**Your goal**
When you transcribe the listing that follows, keep every line exact and omit the pictures.

**Raw data**
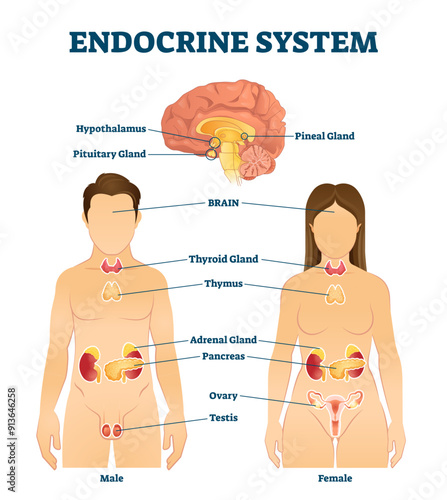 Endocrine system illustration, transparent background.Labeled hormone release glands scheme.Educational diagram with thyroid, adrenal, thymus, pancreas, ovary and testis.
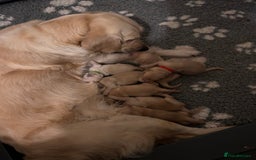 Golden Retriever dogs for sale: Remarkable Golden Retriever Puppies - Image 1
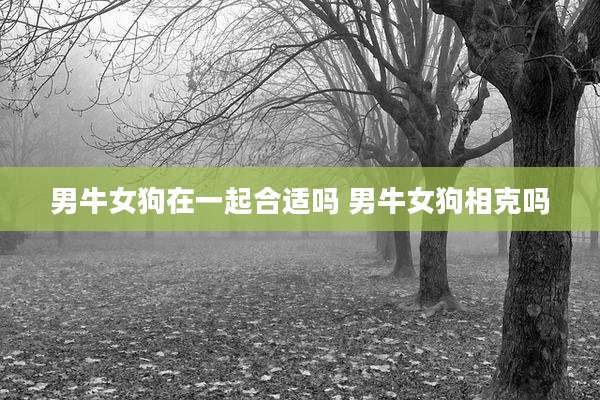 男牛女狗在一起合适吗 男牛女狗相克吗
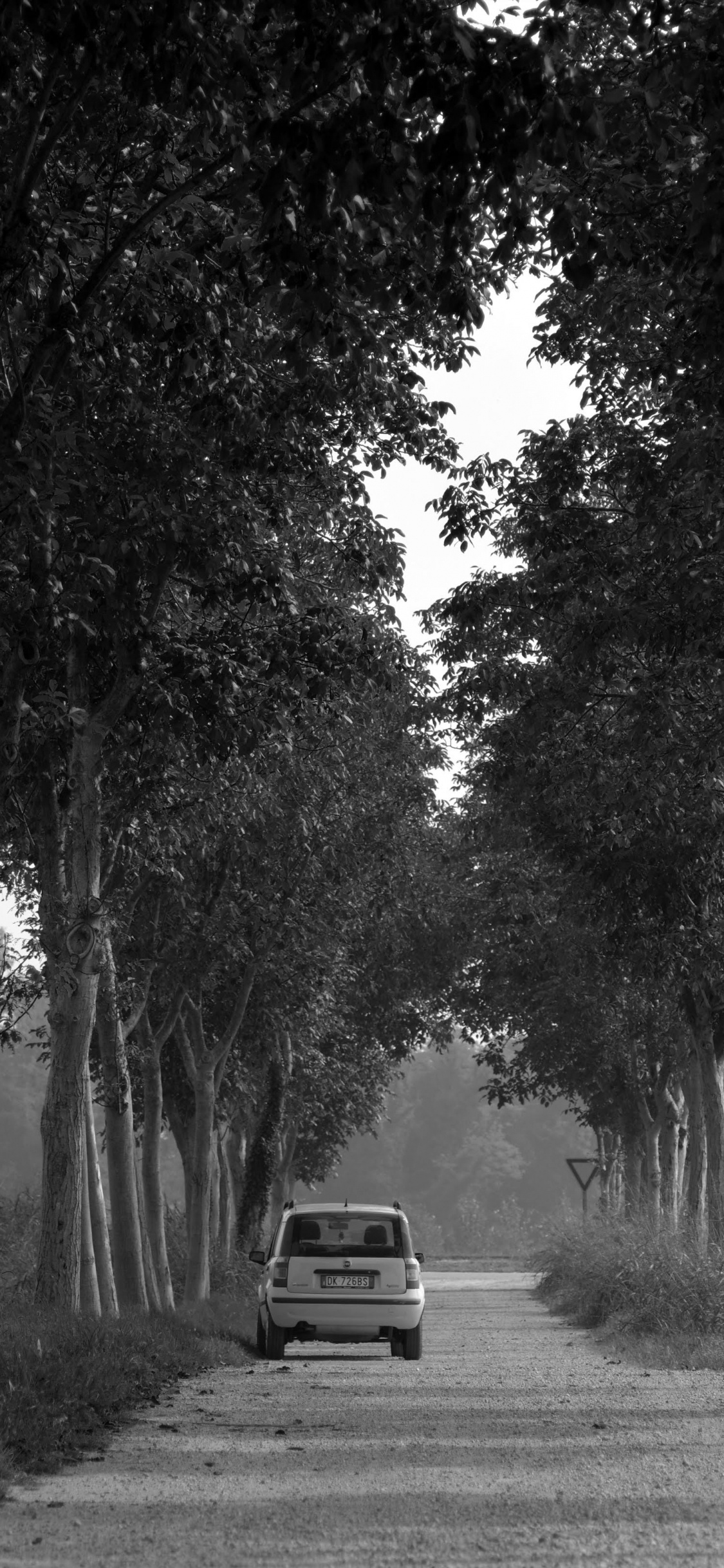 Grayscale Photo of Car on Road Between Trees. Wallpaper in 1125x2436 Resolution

**Response for this exercise**
 Endocrine system illustration, transparent background.Labeled hormone release glands scheme.Educational diagram with thyroid, adrenal, thymus, pancreas, ovary and testis.
 Golden Retriever dogs for sale: Remarkable Golden Retriever Puppies - Image 1
 男牛女狗在一起合适吗 男牛女狗相克吗
 Grayscale Photo of Car on Road Between Trees. Wallpaper in 1125x2436 Resolution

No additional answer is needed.